Kötü bir yönetim tarzıdır; 'Önce böl, sonra yönet!' taktiği. Ama insanlık tarihi kadar da eskidir. Bu konuda bir anekdotu aktarmak isterim:
'Büyük İskender’in Aristo’ya Mektubu'
'Büyük İskender, büyük filozof Aristo’ya bir mektup yazıp sorar:
_ Ele geçirdiğim topraklardaki insanları tahakkümüm altında tutabilmek için, neler yapmalıyım?
1_ Ülkenin ileri gelen insanlarını sürgüne mi göndereyim?
2_ Ülkenin ileri gelenlerini hapse mi atayım?
3_ Ülkenin ileri gelenlerini kılıçtan mı geçireyim?
Aristo’dan cevap gelir:
1_ Sürgünde toplanıp, sana başkaldırırlar.
2_ Hapishaneler militan yuvası olur, kontrolden çıkar.
3_ Onlardan sonraki kuşak, intikam hırsıyla büyür, tahtını sallar.
Aristo, çözüm olarak şu tavsiyede bulunur:
_ İnsanların arasına nifak tohumları ekeceksin. Birbirleriyle savaşınca, hakem olarak kendini kabul ettireceksin. Ama anlaşmaya giden bütün yolları tıkayacaksın.”
Çok tanıdık geldi değil mi? Günümüzde de ülkeler için aynı yöntemler uygulanıyor ne yazık ki! O yüzden ne savaşlar bitiyor, ne de zorbalar gidiyor! Aralarına nifak sokulan, ayrıştırılan toplumlar, birbirlerine düşer. Önce bölünürler, sonra zorbalar tarafından daha kolay yönetilirler.

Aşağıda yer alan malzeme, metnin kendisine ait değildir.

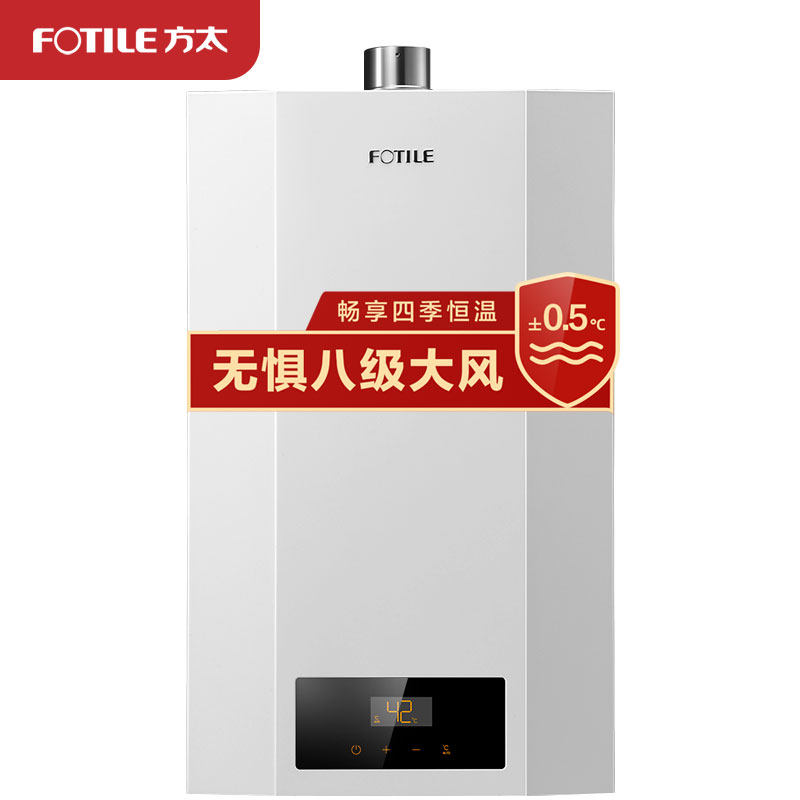 方太p16t1家用天然气16升热水器 方太电器燃气热水器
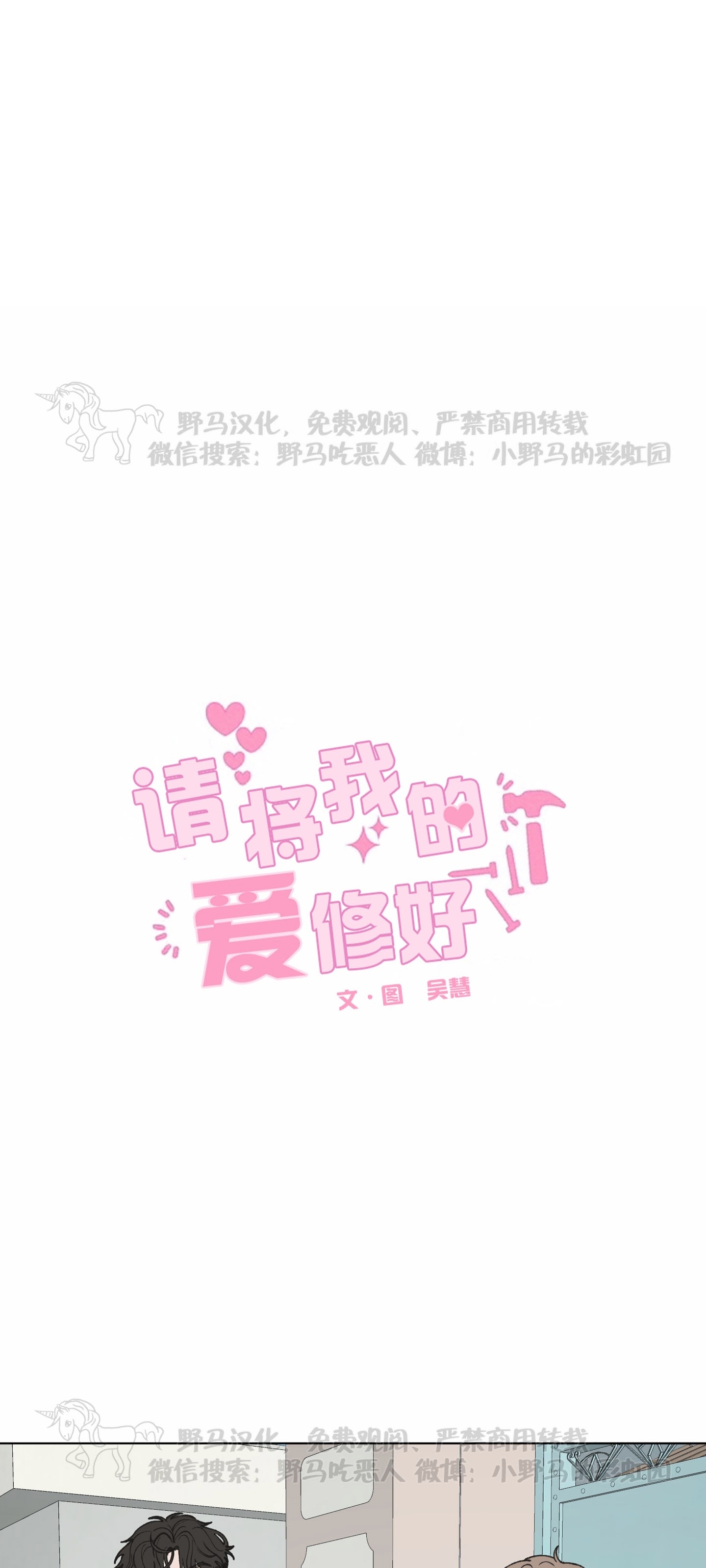 《请将我的爱修好/也请修修我的爱情吧》漫画最新章节第20话免费下拉式在线观看章节第【1】张图片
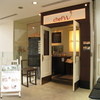 シェフズ・ブイ 渋谷店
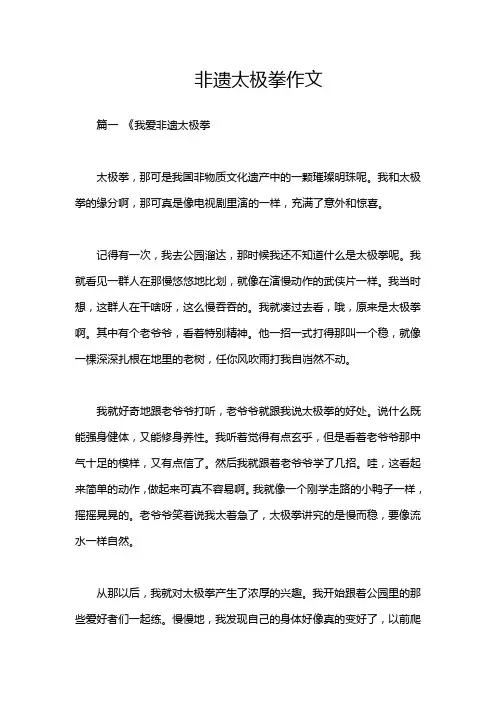 非遗太极拳作文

'Birbirlerini tanımayan, birbirlerinden şüphe eden kitlelerin bulunduğu yerde ne barış, ne de onurlu bir eşitlik olur' diyor İlber Ortaylı.
Toplumları yönetenler; onları birbirine düşüren ayrıştıran zorbalar ise; o toplum gelişmez, hatta içten içe çürür.
'Toplumsal gelişmenin de, çürümenin de temelinde, yöneticilerin tavırları yatar' diyen Büyük Önder Atatürk, işte bu yüzden, çok önemli bir gerçeğin altını çizer.